以下是用transfer learning即迁移学习做分类任务的实验报告,实验中简单的使用pytorch的resnet18预训练模型重新训练了一个二分类的模型,提供pytorch源码
1.Overview
In this experiment, I will complete a classification task by using transfer learning. Transfer learning is using pretrained model which has been trained in the huge data to train our own dataset. Through doing this, we can achieve the better performance in our dataset in a short period of time.(在这个实验中,我将使用转移学习完成一个分类任务。迁移学习是利用在海量数据中训练过的预训练模型来训练我们自己的数据集。通过这样做,我们可以在短时间内获得更好的数据集性能。)
2. Dataset
The experiment dataset is from the Internet, which include two classes: ants, bees. Some samples selected from the dataset are shown in Figure 1.(实验数据来自互联网,包括三个类别:蚂蚁、蜜蜂。从数据集中选择的一些示例如图1所示。)
(a) ants (b) bees
The dataset is manually divided into two parts, which respectively are trainset and valset. Among them, trainset includes 300 images and every class has 100 images. Correspondingly, valset includes 150 images and every class has 50 images. Model can be trained in the trainset and evaluated in the valset. In my experiment, the ratio of trainset to valset is 2:1.(该数据集被手动分为两部分,分别是训练集和验证集。其中,训练集包含300幅图像,每个类包含100幅图像。相应地,valset包含150个图像,每个类有50个图像。模型可以在训练集中进行训练并在valset中进行评估。在我的实验中,训练集和验证集的比率是2:1。)
3. Model and Result
In this experiment, resnet18 is used to train my own dataset by loading the pretrained model in the ImageNet. The whole training process adopt 25 epoches which spends about 1 minute in the 2080ti GPU. The model is evaluated in the valset after every epoch.(在这个实验中,resnet18通过在ImageNet中加载预训练模型来训练我自己的数据集。整个训练过程采用25个epoches,在2080ti gpu上花费约1分钟。该模型在每个epoch后的valset中进行评价。)

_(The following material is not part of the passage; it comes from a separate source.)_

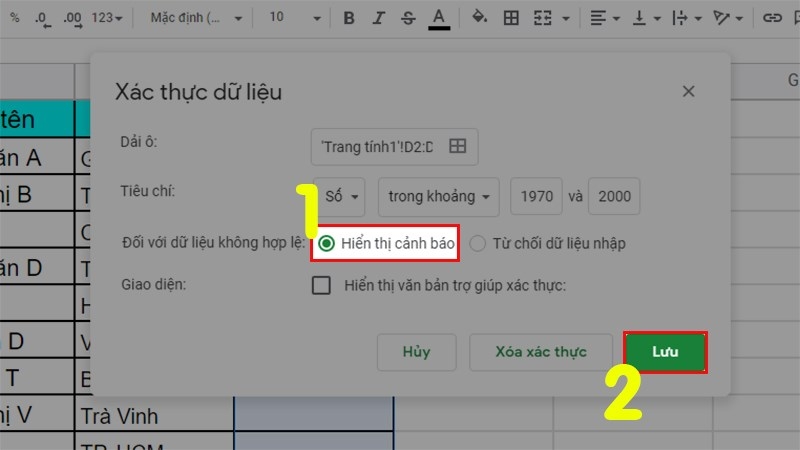 Data Validation (ảnh 7)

Some experiment settings: initial learning rate:0.01; loss function: CrossEntropyLoss; gradient decent algorithm: SGD.
The loss and accuracy of trainset and valset tendency are shown below. From it, we can safely get a conclusion that the loss has converged and accuracy has become high and stable. The best valset accuracy can achieve: 96% which proves that the transfer learning is very effective.(训练集和验证集的损失和准确性如下所示。 从中我们可以安全地得出结论,损失已经收敛,并且精度已经变得很高且稳定。 最佳的valset精度可以达到:96%,这证明了转移学习非常有效。)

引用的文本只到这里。